WISCONSIN CHRISTMAS PARADE MASSACRE: The Result of a Decade of Reform Policies

WISCONSIN CHRISTMAS PARADE MASSACRE

THE RESULT OF A DECADE OF REFORM POLICIES


November 24, 2021

The nation continues to reel from the shocking news out of Waukesha, Wisconsin of a man who drove his car into a crowd attending a Christmas parade, killing six and injuring more than 60 people.  Now it has been revealed that Darrell E. Brooks, Jr. had been released on a mere $1,000 bond after being arrested earlier this month and charged with running over a woman in a gas station.  In addition, Brooks had been charged with more than 10 crimes since 1999 and was a registered sex offender in Nevada, with an active arrest warrant in that state.

To anyone who has followed the saga of bail reform in recent years, the fact that Brooks was free to commit mayhem should not be a surprise.  The practice of judges assigning zero or low bail to criminal defendants with lengthy and violent criminal histories has become commonplace throughout the country.  They have bent to the will of reformers who have argued that defendants should enjoy the presumption of innocence.  This flies in the face of a 1979 Supreme Court ruling that determined that this presumption did not apply to pretrial detainees before their trials had even begun.  Courts across the country, including Wisconsin, have routinely ignored the edict, thus emboldening repeat criminals who have taken advantage of a bail system that has been weakened by a decade of soft-on-crime policies.

The failure of these reforms in Wisconsin manifested itself in horrific fashion by the release and subsequent actions of Brooks.  Both a prosecutor and judge viewed his record and concluded that a minuscule $1,000 bail was justified despite his previous charges of resisting or obstructing an officer, reckless endangering safety, disorderly conduct, bail jumping and battery.  They determined that a $1,000 bond was reasonably calculated to ensure the appearance of Brooks and to protect public safety.  It is inconceivable that they actually believed that, but indeed, they acted on the concept that he was "innocent until proven guilty" and should be immune from pretrial detention.
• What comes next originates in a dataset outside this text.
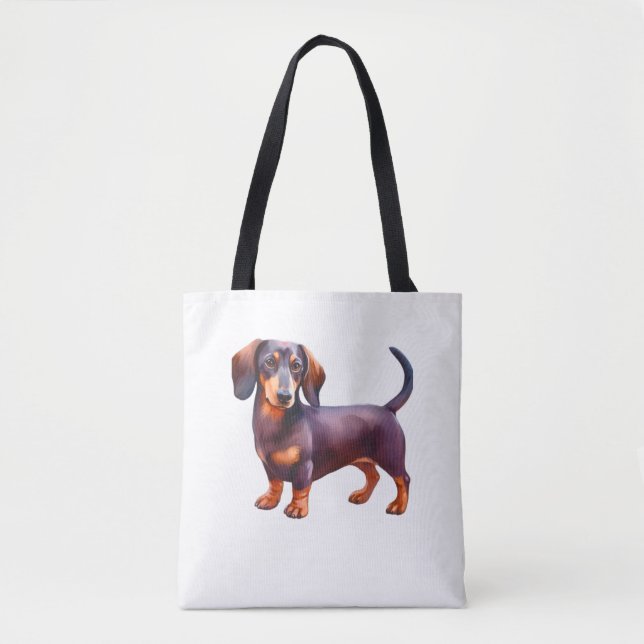 Chocolate and Tan  Cream Dachshund Painting - Wein Tote Bag (Front)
The general public may be under the belief that the Brooks case is an exception, but they would be sorely mistaken.  We are in the midst of a national crime wave driven by recidivist criminals with records a mile long.  They have been freed through the results of the last decade or so of bail reform, which has patently ignored victims and public safety.  Reform advocates have claimed that 70 percent of all defendants awaiting trial are innocent.  But as a 2013 Cornell University study encompassing more than 700,000 defendants found, these “innocent” individuals average six prior felony arrests and four prior failures to appear.

The Brooks case is just one of many more ghastly crimes we can continue to expect if repeat criminals continue to be conferred the immunity that comes with the "presumption of innocence" that the Supreme Court has already declared has nothing to do with pretrial custodial decisions.